Organizing Yourself for Fun and Profit
What do you do in an organizing conversation?
1. You find out what a person cares about
2. You agitate her on those isues, that is, make her experience an emotional reaction about the things she cares about
3. You educate her about what actions she could take to further the things she cares about
4. You push her to commit to taking those actions, by fully laying out the way those actions further her self interest
5. You inoculate her on the negative consequences of those actions, so that when they happen she is mentally prepared and won't be disheartened and swear that she'll never be talked into this pointless crap again.
Organizing is hard, because in the structure of that conversation is the acknowledgement that a person has a choice over what she does with her time and her decisions are her own to make. It is much easier, if you have any kind of power over someone, to talk yourself into believing you are in a position to lay down the law with them and create boundaries they must abide by to avoid the full terror of your fury. It's an abusive, untenable dynamic that destroys everyone involved, but it's also what we have experience with and feel comfortable in. Most of the time a person will walk away from you as soon as they can once they know that's the relationship you're interested in having with them.
It's fascinating how many people have been trained in organizing principles, and believe wholeheartedly in them, but revert to the hierarchy as soon as they possibly can. And when it comes to my self-talk, the hierarchy thrives. Thoughts like this happen fairly regularly:
"You didn't call up that rape crisis center to volunteer because you are a lazy, privileged fatty."
Well, now. When people do good things to avoid being bad people, they do the very least they can do and they save it for special occasions and they long for a release from morality altogether. When people do good things because they have articulated to themselves that they have principles by which they want their days on this earth to be run, because it is in their self interest to feel at peace with how they spend their time and the relationships they develop, and an action is the natural outgrowth of those principles, they will take that action and look for the next action they can take.

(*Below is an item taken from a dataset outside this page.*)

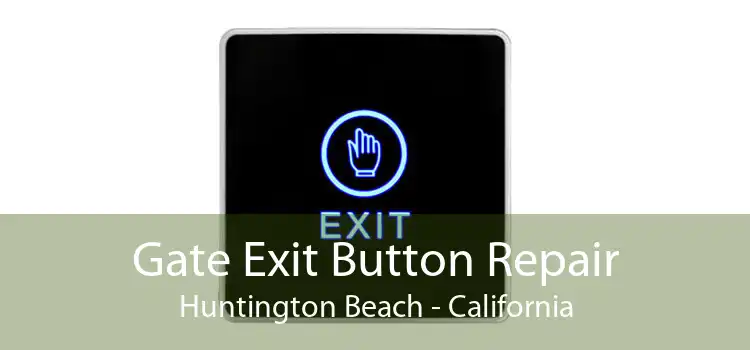 Gate Exit Button Repair Huntington Beach - California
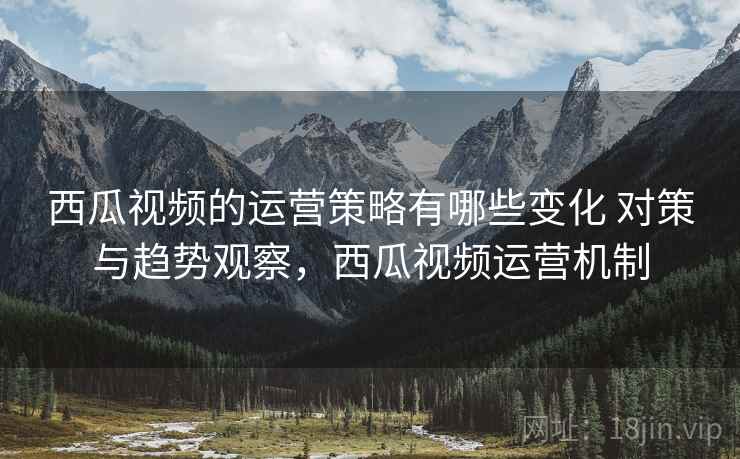 西瓜视频的运营策略有哪些变化 对策与趋势观察，西瓜视频运营机制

Why didn't I call up the rape crisis center yesterday? Because it was sunny out, and there was an apartment to look at, and then the library was there and I meant to get some books on sex ed out, then I got hungry, and....point being, it's not that I didn't call up the rape crisis center because there were so many puppies to kick. And if I called up the rape crisis center, it wouldn't be because I am a better person today than I was yesterday. It would be because I have some wishes for how my future days will be structured, and calling the rape crisis center is in accord with those wishes. It is in my self interest to call, and if I can work myself up emotionally that phone call will happen.
Now, you might respond, "Doesn't the rape crisis center need volunteers regardless of your emotional state?" Good one. Well, I know about myself that a thought like that will very quickly turn into an accusation of my inherent evil, and once I get that thought I seek to limit my effect on the world by holing up and reading the entire internet.
That's my thoughts on that. Also, I am not moving to New Orleans. Partly because of a new relationship, but mostly because there are lots of opportunities in Chicago that I'm excited about. I decided at the very last minute not to move and I think it was a good decision.